Les élections des doyens et des directeurs des institutions universitaires de 2017 ont eu lieu avec le même mode électoral que celui en vigueur avant 2011. Les enseignants universitaires sont divisés en deux corps : le A qui regroupe les professeurs et maîtres de conférences, le B qui rassemble les maîtres assistants et les assistants.
Tous les enseignants d’une grande institution universitaire sont ainsi appelés à élire 6 enseignants mais seulement du corps auquel ils appartiennent ; sachant que le corps B est composé d’un plus grand nombre d’enseignants, ce mode de scrutin réduit donc sa représentativité.
Les 6 enseignants du corps A et du corps B, élus par leurs pairs, voteront pour le doyen ou le directeur de l’institution.

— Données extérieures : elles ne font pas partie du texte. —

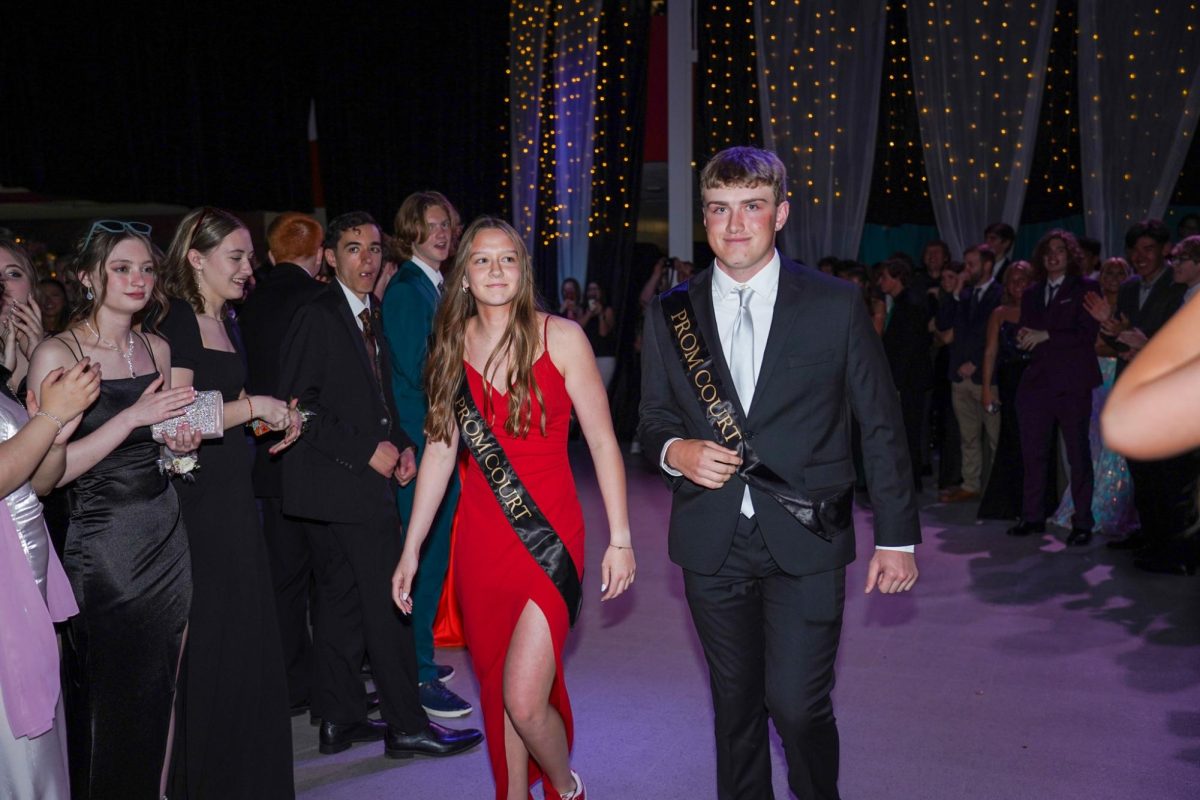 Ayshia Prince and Lance Williams walking through the crowd to get to coronation.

Le vote est ainsi indirect. Par tradition, ce mode scrutin incite tacitement les participants à se grouper en liste en désignant par avance le candidat directeur pour lequel ils vont voter.
Ceux qui ne se plient pas à cette tactique et ne font pas leur « coming out » voient leur chance de l’emporter se réduire comme peau de chagrin et ne se présentent donc pas. D’ailleurs ce mode de fonctionnement est contraire au secret du vote.
Ce mode de scrutin indirect était déjà en vigueur pendant les années de dictature et vraisemblablement servait les intérêts de ceux qui voulaient d’une manière ou d’une autre avoir la main mise sur ces élections.
Pour la petite histoire, j’ai le souvenir d’une de ces années de plomb, quand les élections d’un conseil de département avaient été tout simplement annulées car vraisemblablement aucune des personnes attendues pour la direction n’avaient été élues ! Savez-vous ce qui a alors été imposé ? Le directeur de département a tout simplement été nommé … et le département a fonctionné sans conseil !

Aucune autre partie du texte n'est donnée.